Cenin, savaş öncesinde ve savaş sırasında pek çok Gazzelinin dolandırıcılığa maruz kaldığını bildiği için başta çekindiğini, ancak kendisiyle iletişim kuran kişilerin, ödemelerin ‘son adım’ niteliğinde olduğunu ve çok önemsemediklerini belirtmeleri üzerine cesaret bulduğunu söyledi.
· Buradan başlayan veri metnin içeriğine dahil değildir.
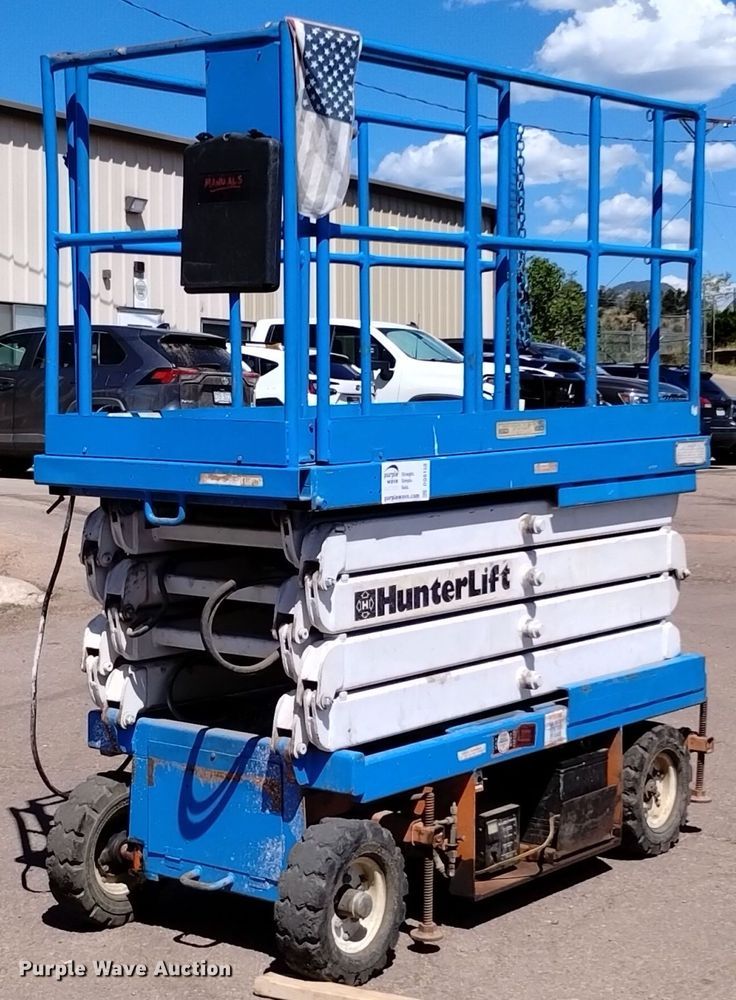 image for item DQ6150 1985 HunterLift 2152 scissor lift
Bu güvence, kendisinin ve ailesinin savaş sırasında yaşadığı zorluklardan sonra yeni bir umut arayışını sürdürmesini sağladı.
Söz konusu sürecin, yolculuk etmek isteyen her aile bireyi için detaylı bilgiler (tam ad, kimlik numarası, pasaport numarası ve diğer kişisel bilgileri) gönderilerek başlatıldığını anlatan Cenin, ardından her kişi (çocuklar dahil) için bin 500 dolar talep edildiğini belirtti.
Güvenlik taraması
Cenin, yolculuk tarihleri ve prosedürler hakkında bilgi almak için zaman zaman kuruluşla iletişim kurmaya devam ettiğini, kendisine sürecin ‘gereken adımlar doğrultusunda devam ettiği’ yönünde güvence verildiğini söyledi. Kuruluşun ayrıca, Gazze Şeridi’nden çıkacak her kişi hakkında ‘sıkı bir güvenlik taraması’ yapılacağını ve aralarında ‘Hamas veya diğer Filistinli gruplardan herhangi bir kişinin’ bulunmamasının sağlanacağını kendisine bildirdiğini aktardı.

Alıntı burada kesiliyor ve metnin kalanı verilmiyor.